Jim Johnson watched Sunday's win over the New York Giants from a place he hadn't been in a dozen years.
Perhaps taking a cue from fellow veteran coach, Penn State legend Joe Paterno, Johnson, who's nursing a sore back, decided at the last minute to call the game from the coach's box high above the frozen playing surface at Giants Stadium.
The 83-year-old Paterno, who's famous for leading the Nittany Lions out of the team tunnel prior to kickoff, was relegated to the coach's box for the last seven games of the regular season and the Rose Bowl following hip surgery.
|Jim Johnson's crew put the clamps down on Brandon Jacobs and the Giants offense|
While not as sad, it was still strange not to see Johnson roaming the Eagles sideline at the Meadowlands. But for Johnson, being mentioned alongside JoePa means he's in some rarified air.
"If I'm to be honored in that company, that would be a real pleasure," Johnson said. "It was different. (It's) been a long time since I've been up there, maybe about 12 years. But it was different. It was one of those things we decided at the last moment. Just a little concerned that my back kind of went out. It kind of affected my leg here, so I have a hard time standing very long so I didn't want to be worried about getting out of the way. It was a little but different but it worked out OK."
The Eagles held the Giants to just three points in the second half, an early third-quarter field goal, in a 23-11 win that catapulted the team into their fifth NFC Championship game in eight years.
The Giants converted just 3-of-13 third down chances, but perhaps more importantly, the Eagles stopped the Giants on two separate occasions in the fourth quarter when they went for it on fourth-and short.
"Well, I think we've come up with big plays," Johnson said. "Just like (Sunday). Those fourth down plays were big plays. In the last six or seven weeks, we've come up with some big third-down stops. That's part of the thing. They got some running yards today, but by most standards, we did a pretty good job against the run. That's been the difference. Getting them in third down-and-long, fourth (down) situations and come up with stops. That's the difference in this team. Plus the fact they're making plays."
The Giants ran for 138 yards, 92 of which came from leading rusher Brandon Jacobs.
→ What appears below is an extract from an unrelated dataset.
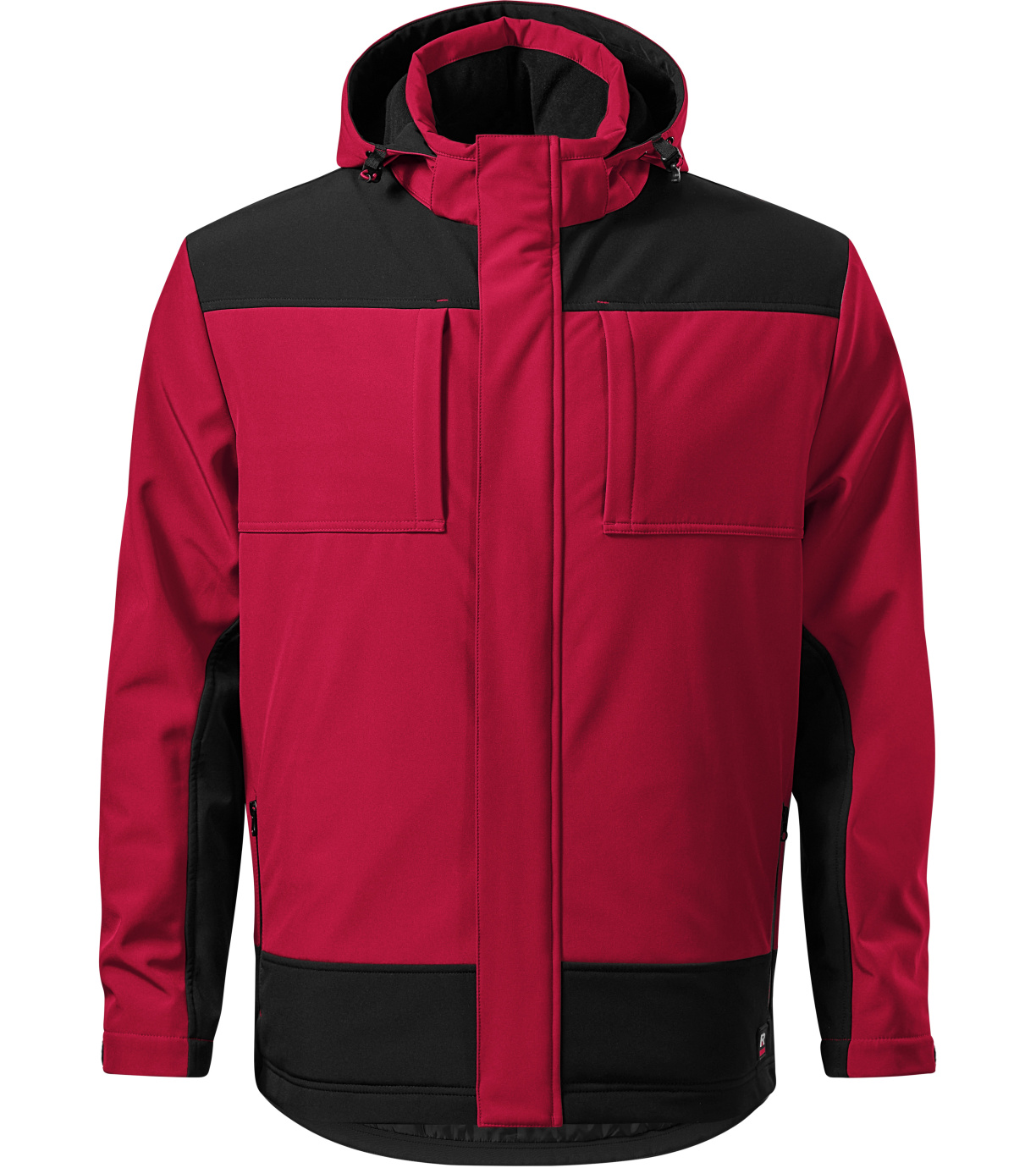 23 - marlboro czerwony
That was in stark contrast to the first meeting of the season when New York gashed Philadelphia's defense for 219 yards on the ground.
Andy Reid, who has always held Johnson in the highest regard, almost sounded like he felt sorry for him in his postgame press conference. He also couldn't help but notice the similarity to Paterno.
"People say every once in a while that I like to throw the ball around, and coach on the offensive side," Reid said. "I know that you win games on defense and mashing the football. If you don't play good defense, you're going to struggle. I'm partial, but I've got the best defensive coordinator in the National Football League. The guys believe in him and the things he does.
"He's kept it fresh for them. For being almost 100 years old, he's kept it fresh. If you noticed (Sunday), he's up in the box. The poor guy's up in the box. He's got the back aching a little bit, so he called it from up there. Coach Paterno, it's a good example."
After the game cornerback Sheldon Brown joked that he preferred not to have Johnson down on the sideline. If that's the case, there's a chance he'll get his wish when the Eagles play the Cardinals for the NFC Championship and the right to play in Super Bowl XLIII.
"A lot of people feel that way," Johnson quipped back. "It depends. We'll see how I feel. I'd say, right now, there's a pretty good chance I'll be up there for the next one."